The 44-year-old minister points to a time, years ago, when being the private sector meant importing from overseas, marking it up and reselling it.

 

“That’s not the private sector any more,” Mr Gonsalves said.

 

“The private sector has to be risk-taking, has to be active, it has to be entrepreneurial... find new markets, create new markets... that’s a cultural shift that’s happening in some Caribbean countries faster than its happening in others.”

 

From Mr Gonsalves’ perspective, the state has some facilitation to do, but the private sector also has some modernising ahead.

 

This give-and-take of ideas underlies what is providing the energy of the Caribbean 2030 group. Debates can be heated but not acrimonious.

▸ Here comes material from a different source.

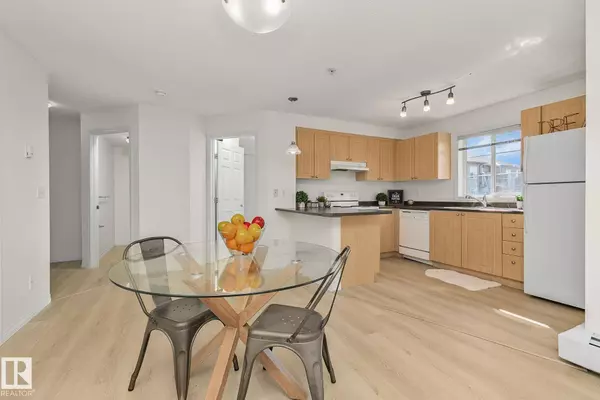 #301 630 MCALLISTER LO SW, Edmonton, AB T6W 1N3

They are focused and critical, but not point-scoring.

 

Everybody in the October sessions and on the social media network had a similar goal – to make the Caribbean a stronger force by 2030.

 

The group has started to set its sights on climate change: not in a woolly way, by making grand statements, but in a focused proposed document on green economics. It’s brought on board a new group of experts to help this work; some are Caribbean, some are global climate change experts.

 

These are added to the other stated priority areas of IT infrastructure and open data; trade within and beyond the Caribbean; and finance, credit and business growth.

 

Dr King summed up the work ahead after the last round of meetings. He told Caribbean Intelligence© that the Caribbean can today no longer depend on larger powers “to treat us kindly and help us navigate our way in the world”.

 

The Caribbean, he stated, has to “decide on what is the past, what it wants, its methods... and make it happen for itself”.